The Ti Tree Incident






Stretching the legs after many miles on a pretty but long road and filling up with diesel at the next town seemed like an excellent plan. Ti Tree it was. You know you come near a town in outback Australia when you start seeing signs advertising accommodation, fresh milk, cold ice cream, cold beer. This time, which is rather unusual, I saw signs advertising the price of diesel: $1.97 per litre. Rather expensive but you never know around here these days. I had filled up in Katherine for $1.57 not long before...  The numbers on the sign right in town now screamed at me being more than a metre high. And an arrow pointing right.

There was a second service station ahead of me on the left. No signs with prices. I went to have a look on the pump there: $1.98. Then one gets that moment of decision making with mostly weirdly constructed thoughts. One cent per litre. Worth it? I decided I did not like the feel of this one (whatever that may be...) and turned to the road to the cheaper one. Well...


The man greeted me enthusiastically at the pump and told me that the dial would only count to 99 dollars but if I then hung the trigger back and restarted at zero to continue it would all work out fine. I jokingly mentioned to him: 'bit of competition going on with your diesel price, hey?' He nodded. I tanked 70.24 litres (obviously past the 99 dollar mark) and went inside to pay.

Whenever I fill up I ask the attendant for a tax-invoice which shows the litres and litre price etc. A normal request that is mostly easily met with. The lady attendant instantly snapped at me that I had to pay first...(it certainly did not feel as if she was joking). Paid, got the tax invoice, asked for the toilet, after which she pointed me in the direction 10 metres away. Signs in front of toilet doors. Out of order, please ask for key for the staff toilet. I walked back to the counter starting to feel some annoyance rising. Another lady was there which apologised and gave me a key. Alas there was no toilet paper, no towel or something to dry my hands with. Ah well...

Back in the car I started writing the details of the transaction in my little book. Then I saw the litre-price on the docket:

$2.05

Annoyance level: up.

I stormed back inside, scanned the shop, saw more customers (good) and raised my voice.
The girl that served me said matter-of-factly that it is the beginning of the month and the price had risen per the first. Signs hadn't been adjusted yet.

Annoyance level: code red.

THAT IS NOT GOOD ENOUGH. I WANT MY MONEY BACK.

She walked to the tiller and did something important with the screen for a while. I grabbed a pen and a piece of paper to calculate the difference myself, hoping and praying that I wasn't cooking up a storm for less than a dollar here.
After some fumbling the matter-of-factly girl came with her verdict: that will be three litres then.

Annoyance level: turning into humorous situation

I smiled and repeated: "Three litres".

She must have realised that something was not quite adding up here, excused herself ("one moment") and went into a back room.

The queue was increasing behind me with people holding a drink, a sandwich.
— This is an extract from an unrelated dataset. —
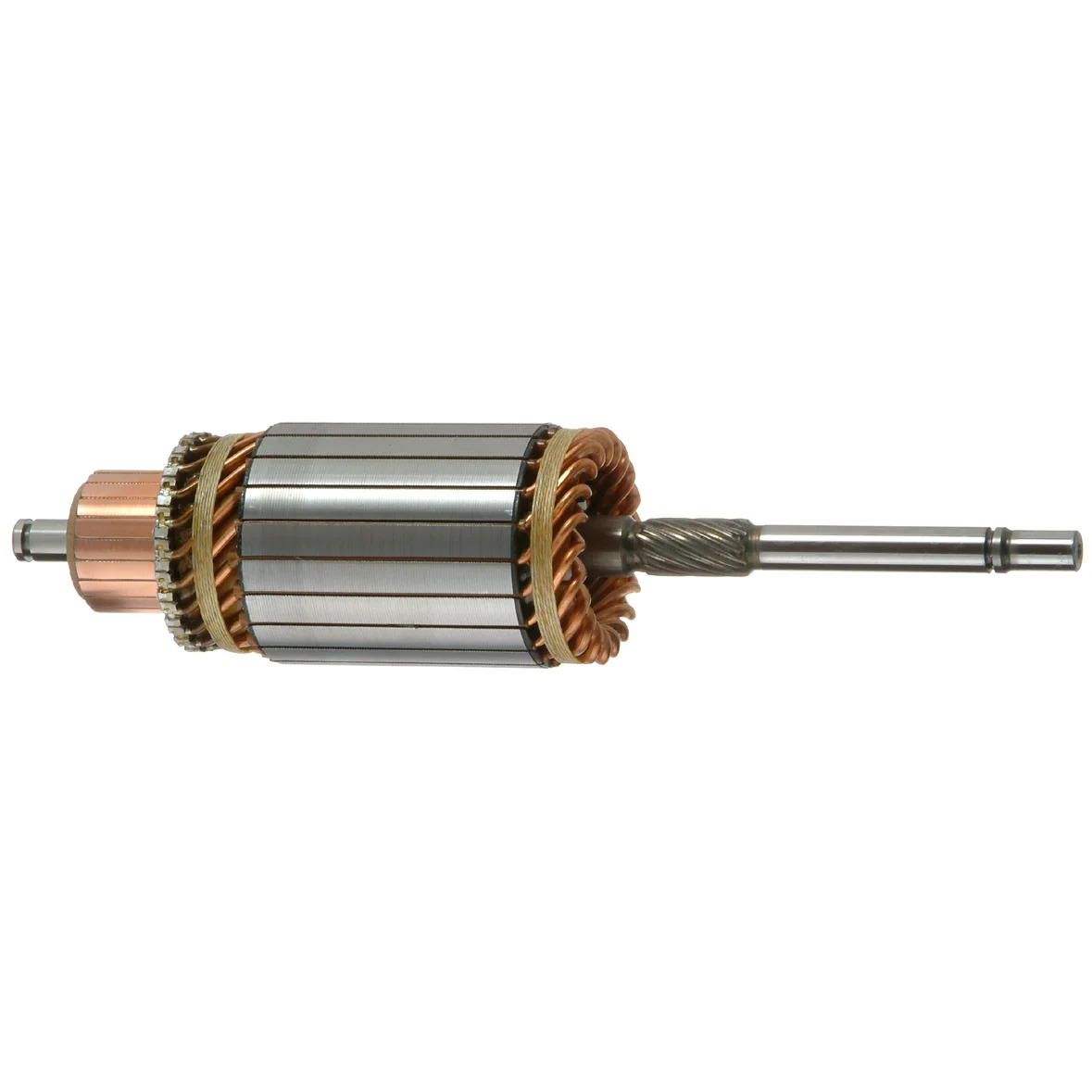 Ankkuri 12V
I was not going to go anywhere and was still calculating. In comes the man I spoke with originally, the owner obviously. I briefly repeated stating my case (the conversation about the stiff competition, we're three days into a new month now) and we both came to the same amount ($5.63). He offered me 6 dollars back, apologies and a free meal or drink. I settled for a bottle of water and went back to my car.
As always happens to me, it's the moments after that I realise what I should have done. I should have insisted that the man adjust his signs NOW, so that the next customer would probably go to the opposition instead. Mind you, it will always remain a guess what the 1.98-servo would have charged...


As I heard afterwards, the $1.98- service station at Ti Tree is refusing to replace their unleaded fuel with Opal fuel, thus helping petrol sniffing to continue (In some areas in the Northern Territory of Australia service stations are required to replace unleaded fuel with Opal fuel which does not give sniffers a high).

Well, the legs were stretched indeed and the tank was filled with diesel. And, on top of that: did I have a story to tell!